Beim Studieren der Fall-Lösung „Fortgeschrittenenklausur – Strafrecht: AT und Eigentumsdelikte – Zwei Villen und ein Bankautomat“ von Poschadel/Sigmund (JuS 2019, 366 ff.) bin ich ins Grübeln geraten. In dem dort behandelten Fall geht um es u.a. darum, dass in Freiburg-Herdern in einer Villengegend eine Tür zu Einbruchszwecken mit einem Dietrich geöffnet wurde. Der Tatplan sah wie folgt aus (und wurde auch so umgesetzt):
Sie [die beiden Akteure, M.H.] könnten dann zu einer Wohnung gelangen, deren Bewohner gerade abwesend sind, sicherheitshalber an deren Tür klopfen und diese dann mithilfe eines Dietrichs öffnen, den A einmal von ihrem Ex-Freund geschenkt bekommen hat.
(JuS 2019, 366)
Lassen wir einmal die Frage beiseite, ob es heute in einer Villen-Gegend noch Türen ohne Zylinderschloss gibt, die man mit einem Dietrich öffnen kann. Da man den Sachverhalt in einer Klausur als gegeben anzunehmen hat, muss man dies als faktisch maßgeblich erachten. Es fragt sich aber in juristischer Hinsicht, ob das Öffnen einer Tür mit einem Dietrich unter die Fallvariante „mit einem falschen Schlüssel“ subsumiert werden kann, wie dies folgendermaßen in der Fall-Lösung geschieht:
Durch das Eindringen in die Wohnung mittels eines falschen Schlüssels verwirklichen A und M allerdings § 244 I Nr. 3.
(JuS 2019, 366, 367)
Hier wird der für das Öffnen der Tür verwendete Dietrich als „falscher Schlüssel“ iSv § 244 I Nr. 3 StGB eingestuft. Das entspricht nicht der einhelligen Literaturmeinung, die den Dietrich als ein nicht zur ordnungsmäßigen Öffnung bestimmtes Werkzeug ansieht:
– Fischer, 66. Aufl. 2019, § 243 StGB, Rn. 9
– Schmitz, in: MüKo, 3. Aufl. 2017, § 243 StGB, Rn. 30
– Vogel, in: Laufhütte u.a., StGB Leipziger Kommentar, 12. Aufl. 2010, § 243 StGB, Rn. 26
– Çelik, JA 2010, 855, 857
– Jungwirth, MDR 1987, 537, 542
– Dzatkowski/Wolter, JA 2017, 190, 192
– Klesczewski/Knaupe, JA 2016, 593, 594
– Kühl, in: Lackner/Kühl, 29. Aufl. 2018, § 243 StGB, Rn. 12
– Bosch, in: Schönke/Schröder, 30. Aufl. 2019, § 243 StGB, Rn. 15
– Koch/Dorn, JA 2012, 675, 677
Der Unterschied der beiden Fallvarianten liegt im Folgenden:
Schlüssel ist jedes Instrument, das dem vom Berechtigten zum Öffnen des Schlosses benutzten gleicht.
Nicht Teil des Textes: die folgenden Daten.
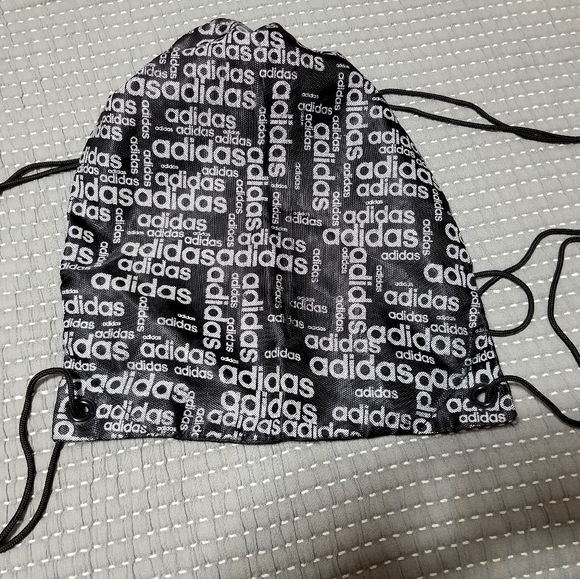 Adidas, reversible draw cord backpack. - Picture 1 of 2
(MüKoStGB/Schmitz, 3. Aufl. 2017, § 243 StGB, Rn. 27)
Daneben steht die Variante des anderen nicht zur ordnungsmäßigen Öffnung bestimmten Werkzeugs. Dieses wird wie folgt beschrieben:
Andere nicht zur ordnungsmäßigen Öffnung bestimmte Werkzeuge sind solche, mit denen der Schließmechanismus ähnlich wie mit einem Schlüssel betätigt wird.
(MüKoStGB/Schmitz, 3. Aufl. 2017, § 243 StGB, Rn. 30)
Der Dietrich gleicht nicht dem vom Berechtigten zum Öffnen des Schlosses benutzten Instrument. Vielmehr handelt es sich um ein Werkzeug, mit dem der Schließmechanismus ähnlich wie mit einem Schlüssel betätigt wird.
Es empfiehlt sich, in einer Klausur der beschriebenen gefestigten Meinung zu folgen.